Aside from being (typically) bizarrely named, Mozilla's Boot to Gecko project (B2G) is an attempt to develop an OS with standards-based web technologies for smartphones and other mobile devices.
The browser creator wants to build a non-proprietary OS; an operating system that isn't locked to any specific mobile device.
"Mozilla believes that the web can displace proprietary, single-vendor stacks for application development," notes Mozilla's Andreas Gal.
"To make open web technologies a better basis for future applications on mobile and desktop alike, we need to keep pushing the envelope of the web to include - and in places exceed - the capabilities of the competing stacks in question.
"We want to… find the gaps that keep web developers from being able to build apps that are - in every way - the equals of native apps built for the iPhone, Android, and WP7."

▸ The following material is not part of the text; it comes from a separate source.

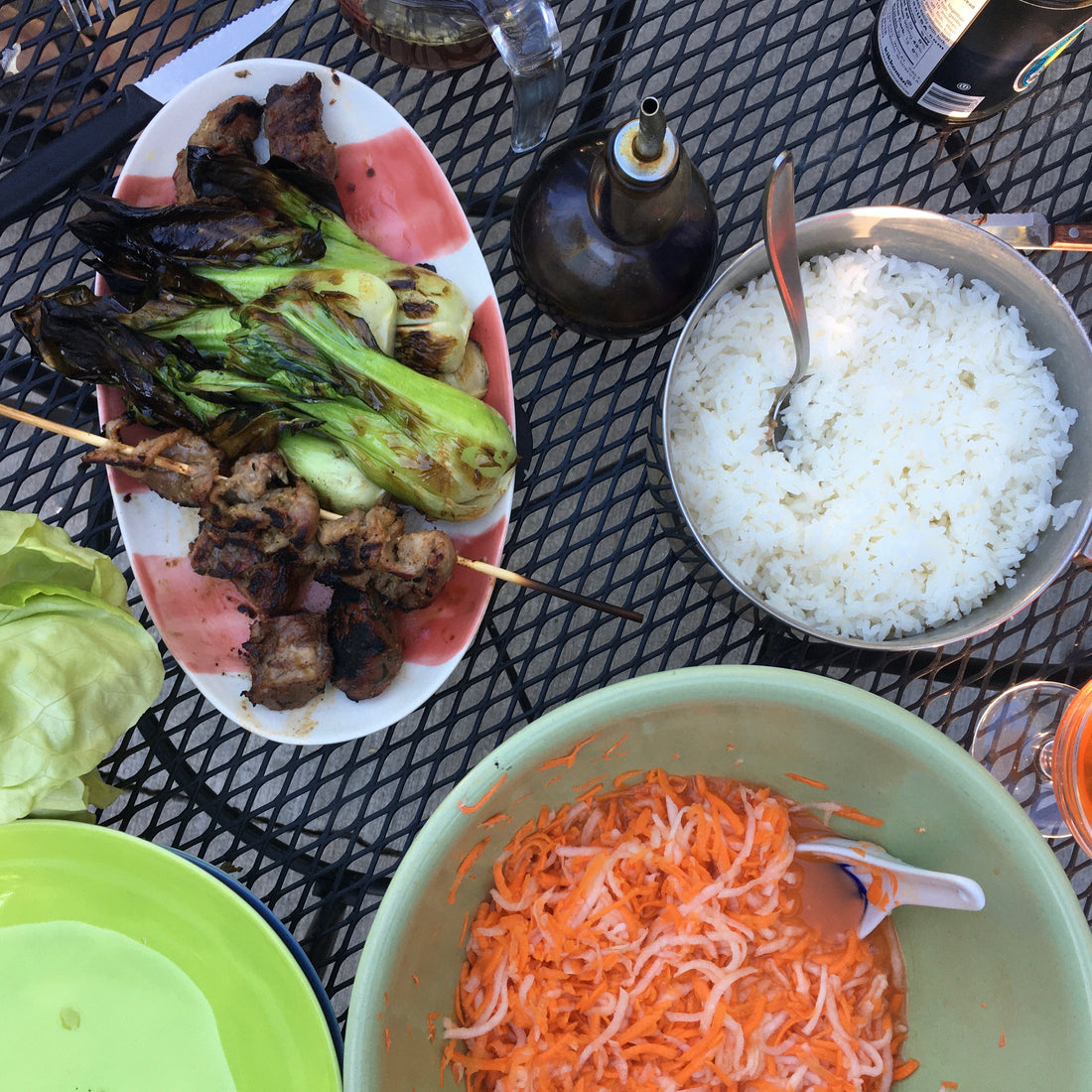 Grill-at-Home - Vietnamese Lemongrass Pork* w/Pickled Veggies, Butter Lettuce Cups &amp; Dipping Sauce - Serves 4-6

Mozilla's Boot to Gecko (opens in new tab) has one simple aim: "to pursue the goal of building a complete, standalone operating system for the open web."
Mozilla will publish B2G's source code as it is developed, in a typically open source move from the Firefox developer.
Mozilla's plan is to take code from the lower levels of Google's Android OS and then to build a custom user interface and application stack based around Firefox's HTML rendering engine, Gecko.